I’ve now travelled along most of the western part of the Turkish-Syrian border - from near the Mediterranean to the Euphrates; through more than 200 kilometers of corn fields, pistachio orchards, melon and watermelon fields, and newly harvested fields with sheep and cows grazing on the stubble.
There are lots of farm roads, some of them nicely paved with asphalt and some of them just rough gravel roads, along the Turkish side of the border.
I was generally within five km (about three miles) of the border, often close enough that I could have thrown a rock across the border if I had wanted to, and several times right on the border. The border is usually just an old fence with some old razor wire strung along its top, but there are long strips of mined land along many parts of Turkish side of the border. Very rarely you can see little faded red signs with “Mine” written on them in these mined areas.
For an area which is considered to be bordering an active war zone very little, other than crops growing in the fields, is happening along most of this part of the border. There is generally no sense of crisis or heightened security. In a few places small numbers of Syrians were waiting patiently on the Syrian side of the border for the Turkish military to come and pick them up and transport them to a camp.
I stopped often and talked with the people living there. The most remarkable thing I observed was that the people who live along the part of the border between Turkey and the Afrin District of the Aleppo Governorate (the district is under the control of the Kurds who live there) were very relaxed and told me that that part of the border was completely quiet.
I passed a lot of (15-20) the small Turkish military outposts which are strung along the border. They all seemed to be relaxed with only a few armed soldiers standing at their entrances doing their guard duty. I did not see any military or police patrols along the border, and in total saw only two light tanks and one rocket launcher.
I had seen coverage in the English media which seemed to be trying to give the impression that the border crossing and camp just south of Kilis were constantly busy with large numbers of Syrians crossing into Turkey, and with many wounded Syrians being transported across the border to the hospitals in Kilis.
I was doubtful about this because the last time I was there not much was happening and my friends in Kilis tell me that it is generally very quiet there.
While I was there nothing was happening. I talked to the Turkish police and civilians there and they also told me that not much was happening. They said that they just had to stay there under the baking sun guarding the entrance to the camp and manning the border crossing, that every once in a while someone comes across the border, and that occasionally a wounded Syrian was brought across the border.
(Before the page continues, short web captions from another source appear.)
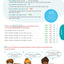 J'apprends facilement avec Montessori - CE1 - CE2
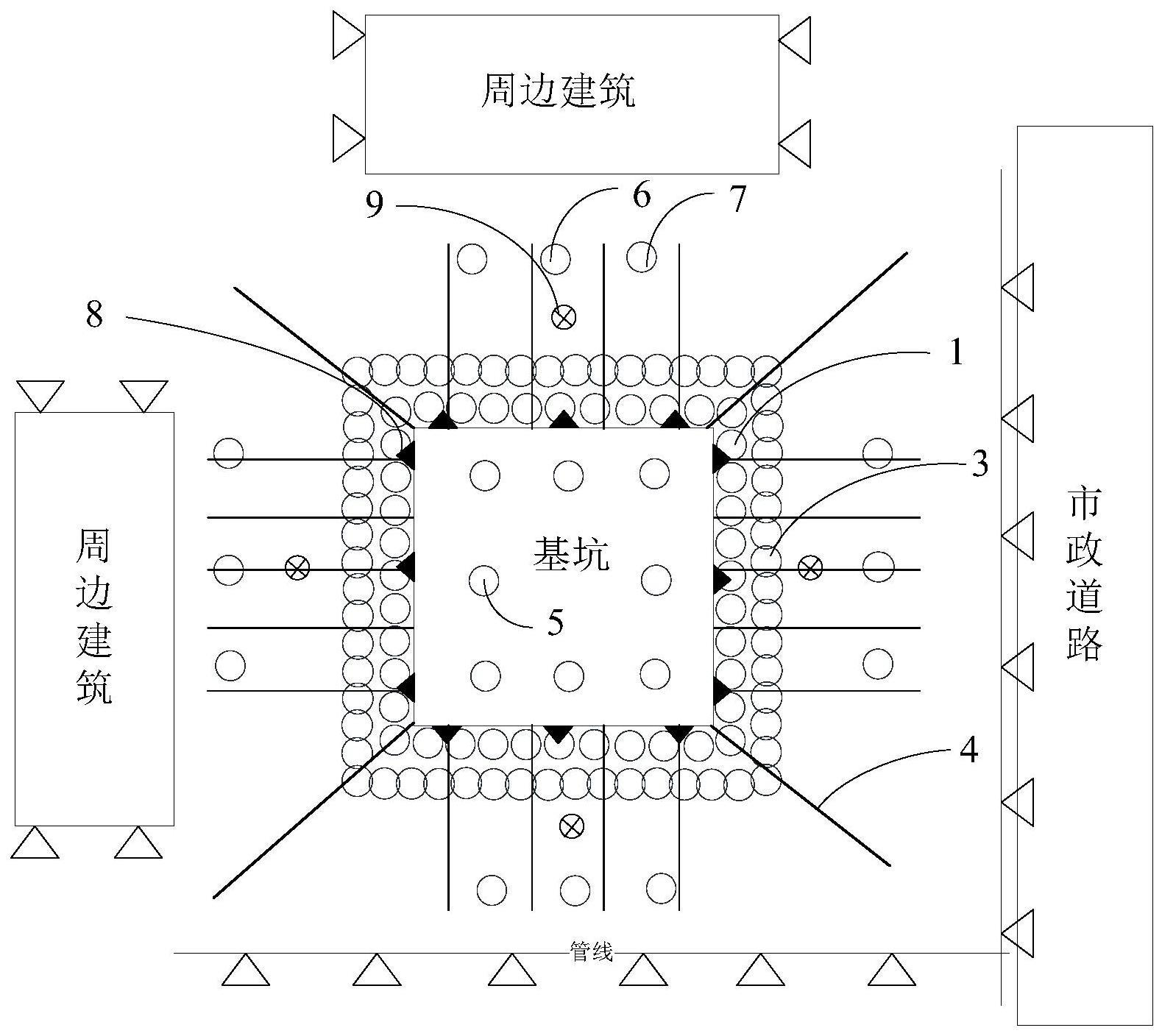 一种高水位地区深基坑的组合式支护结构体系及支护方法与流程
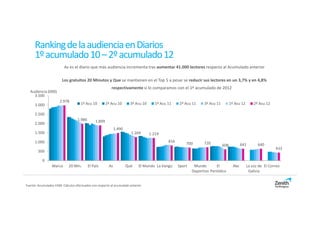 Ranking de la audiencia en Diarios
      1º acumulado 10 – 2º acumulado 12
                          As es el diario que más audiencia incrementa tras aumentar 41.000 lectores respecto al Acumulado anterior

                        Los gratuitos 20 Minutos y Que se mantienen en el Top 5 a pesar se reducir sus lectores en un 3,7% y en 4,8%
                                                          respectivamente si lo comparamos con el 1º acumulado de 2012
  Audiencia (000)
    3.500
                      2.978
      3.000                          1º Acu 10         2º Acu 10       3º Acu 10      1º Acu 11    2º Acu 11     3º Acu 11         1º Acu 12       2º Acu 12

      2.500
                                   1.986       1.899
      2.000
                                                             1.490
      1.500                                                            1.269       1.219
      1.000                                                                                  816                 720
                                                                                                       700                   608           641       640
                                                                                                                                                               433
        500

           0
                 Marca       20 Min.       El País      As           Qué    El Mundo La Vangu      Sport    Mundo        El          Abc       La voz de El Correo
                                                                                                           Deportivo Periódico                  Galicia


Fuente: Acumulados EGM. Cálculos efectuados con respecto al acumulado anterior.
 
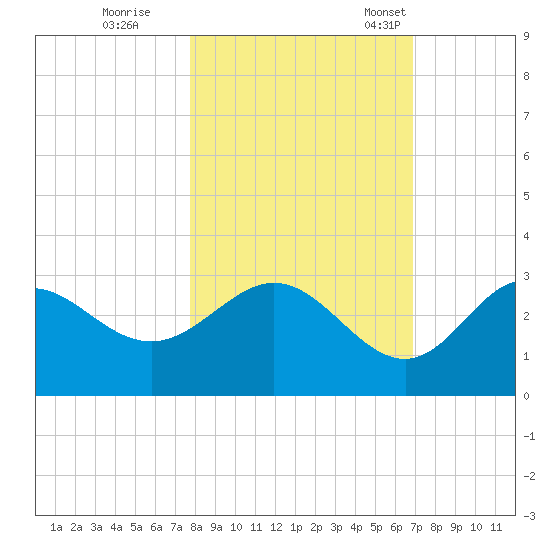 Spring Warrior Creek tide chart for Sunday, October 27, 2024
I got the impression, and it was only an impression, that the Turkish government has spread the word that they really don’t want a lot of Syrians coming across the border now since nothing which puts them in immediate danger is happening in the area just south of the border.
The Turkish Government and Turkish Red Crescent Society recently began a program of handing emergency food supplies over the border to Syrians - without anyone actually physically crossing the border - in southern Hatay, south of Kilis, and in the area west of the Euphrates.
There were about a dozen reporters at the border crossing standing under the scorching sun forlornly pointing four or five video cameras at the border gate hoping that something, anything, would happen for them to cover.
The reporters, especially the foreign reporters, in Antakya (Hatay) generally didn’t bother to leave their hotels.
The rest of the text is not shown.